Classé dans : Essais - Suzuki (Japon) | 0

Véritable Mini asiatique, la Suzuki Swift en est à sa troisième édition. Dévoilée il y a juste un an à Genève, elle a surpris plus d’un non seulement par sa ligne plus féline mais aussi par le nombre de ses technologies embarquées.

Une silhouette plus sensuelle

L’esthétique de la nouvelle Swift rénove le style « Mini » qui prévalait jusqu’alors mais sans vraiment s’en détacher : elle l’affine et le rend plus dynamique grâce à un avant plus effilé et plus expressif avec des feux de jour à DEL ainsi qu’un arrière qui s’élargit suite à une cure de musculation.

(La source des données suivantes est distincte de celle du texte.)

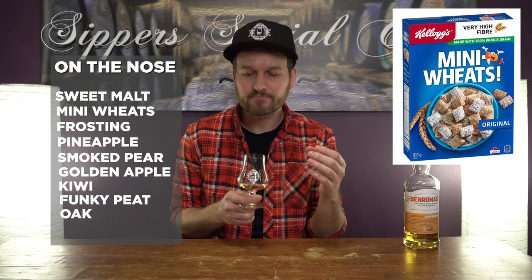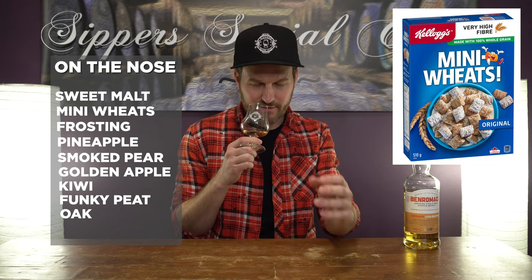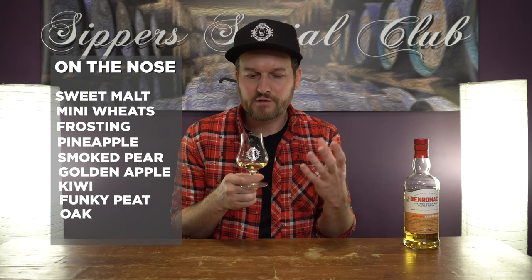Let's see how this is on the nose. As you may expect, really nice sweet malty characteristic to this. Definitely get like a Frosted Flakes, Kellogg's Frosted Flakes, Frosted Mini Wheats even — definitely smell that on the nose. Nice and sweet. Slightly tropical as well — definitely like a grilled pineapple. Get a little bit of like an apple note, maybe like a golden delicious apple. Really nice kind of smoked pear aspect to this as well. Maybe a little bit of kiwi fruit in there. Really nice and delicious, well-balanced nose.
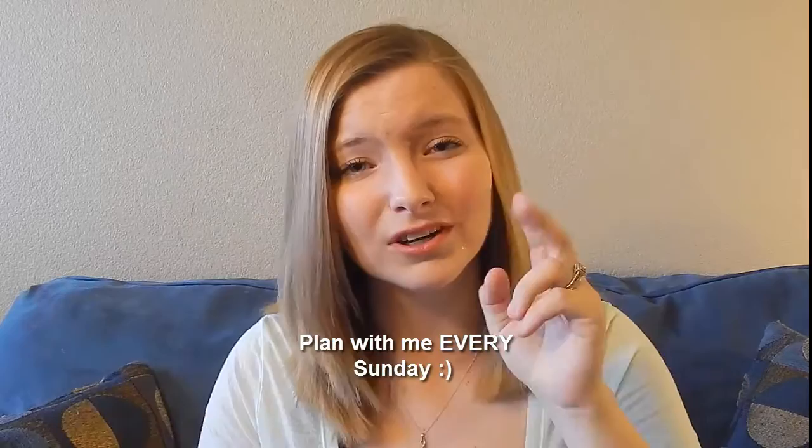The other housekeeping I wanted to go over is I had so many requests that moving forward with this channel I do Plan With Me videos, so I'm going to make this promise from here on out that every Sunday I will have two videos posted of Plan With Me. I actually run with two planners week to week, so I'm going to post them each separately so you can see how I decorate and how I set up each of them differently.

Présentée uniquement en cinq portes, elle occulte les poignées de ses portières arrière dans la custode afin de lui donner un look d’une trois portes, tout comme avec la Renault Clio.

Comme d’autres marques, le toit peut être de teinte différente. Ses montants noirs lui donnent l’impression d’être séparé de la caisse.

Assemblée sur une toute nouvelle plateforme, la Swift mesure 3,84 m soit 1 cm plus courte que sa devancière tandis que son empattement de 2,45 m est 2 cm plus long, augmentant légèrement l’espace à bord.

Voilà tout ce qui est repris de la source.